Vicenta madre, Vicenta bruja, Vicenta negra… es un nombre extraño y muy masculino para un personaje que encarna varios arquetipos de una feminidad marginal (al menos por su poder en la historia), y a pesar de sus ya cincuenta y tantos años esta señora conserva un cuerpo vigoroso y lleno de juventud, un cuerpo que no teme a la desnudez, ni a la huella del tiempo.
Los ritmos de la vida cambian y la historia comienza en uno de esos periodos fundamentales para cualquier individuo, el momento en el que los hijos abandonan el hogar, ese momento en que a pesar de la sangre hay dos miradas incompatibles, pues la juventud anhela horizontes lejanos y rostros extraños mientras la vejez de los padres es aún incapaz de comprender la madurez de sus retoños. Así la soledad sobreviene y con ella un divagar entre ritos, relatos abandonados, rebuscando en ex-maridos y comadres con los cuales poder recomponer o reestructurar el cauce vital que ahora aunque no se quiera ya no puede depender del apego al ser engendrado.
Hay belleza en los paisajes de una Cuba envejecida, en la vitalidad de los colores de una pintura que se resquebraja en las paredes y que arropa entre sombras y texturas a la negra piel de Vicenta.
También hay un acercamiento interesante a las tradiciones chamánicas, místicas o de lectura de cartas y demás que la película trata de vincular con el pasado esclavista de la comunidad afro, entendiendo esta filosofía o forma de ver el mundo como un legado a defender con un carácter anti-colonial.
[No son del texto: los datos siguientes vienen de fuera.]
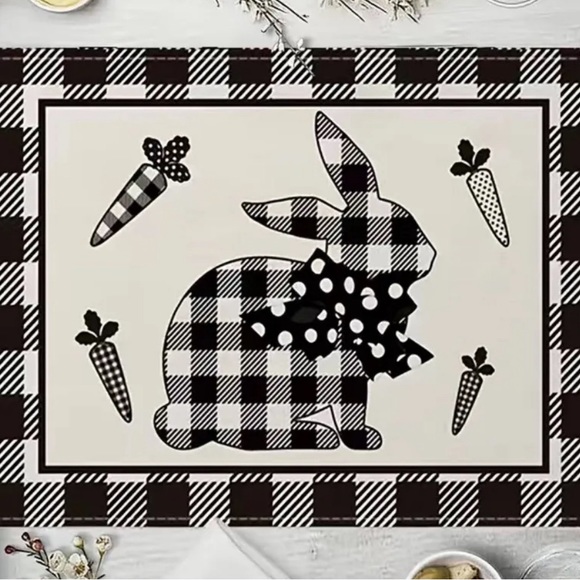 Other - Set 4 White/ Black Bunny Rabbit Buffalo Plaid 12" x 18" Easter Placemats Modern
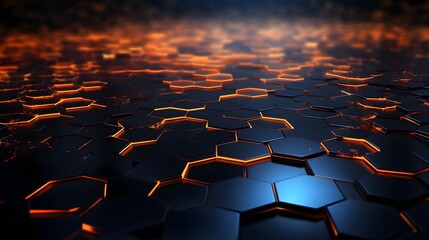 Fototapeta premium A futuristic digital landscape of glowing hexagonal tiles forming a vast network of interconnected patterns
En este sentido la película no cuestiona tales creencias, más bien todo lo contrario ya que los presagios se cumplen a cabalidad y los personajes tienen de verdad el poder de entrar en contacto con el futuro y pasado de los demás.
El problema recae en una falta de concreción entre temas, y en especial en el desarrollo de subtramas que por momentos parecieran convertirse en la principal pero que no conectan de manera lógica o al menos con la suficiente fluidez, pues a la partida del hijo sobreviene la irrupción de una joven que presiente un destino funesto sobre sí; esta chica que viene a pedir lectura de cartas abre un nuevo capítulo en la vida de Vicenta, capitulo que no tiene una finalidad más allá de alargar la trama y hacer tiempo mientras Vicenta desarrolla los sentimientos de pérdida por su hijo, tanto así que la tragedia, el desagrado o demás agregados que llegan con su presencia se sienten ordinarios e irrelevantes. Algo propiciado por la falta de conexión y desarrollo, pues es evidente que la cinta se esfuerza por esconder misterios detrás de estos nuevos personajes pero es incapaz de llevarlos a sitio alguno. Además, el guión te sorprende de manera negativa introduciendo en el último tramo reflexiones forzadas sobre la brujería que parecieran desviar la lógica del problema inicial (la partida del hijo) por alguna especie de falta de fe nunca antes señalada por parte de Vicenta, y si a eso sumamos un final confuso, críptico y que recuerda al Un tipo serio (A Serious Man, 2009) de los hermanos Coen dejando al espectador sin saber qué sentir o entender exactamente de todo el recorrido.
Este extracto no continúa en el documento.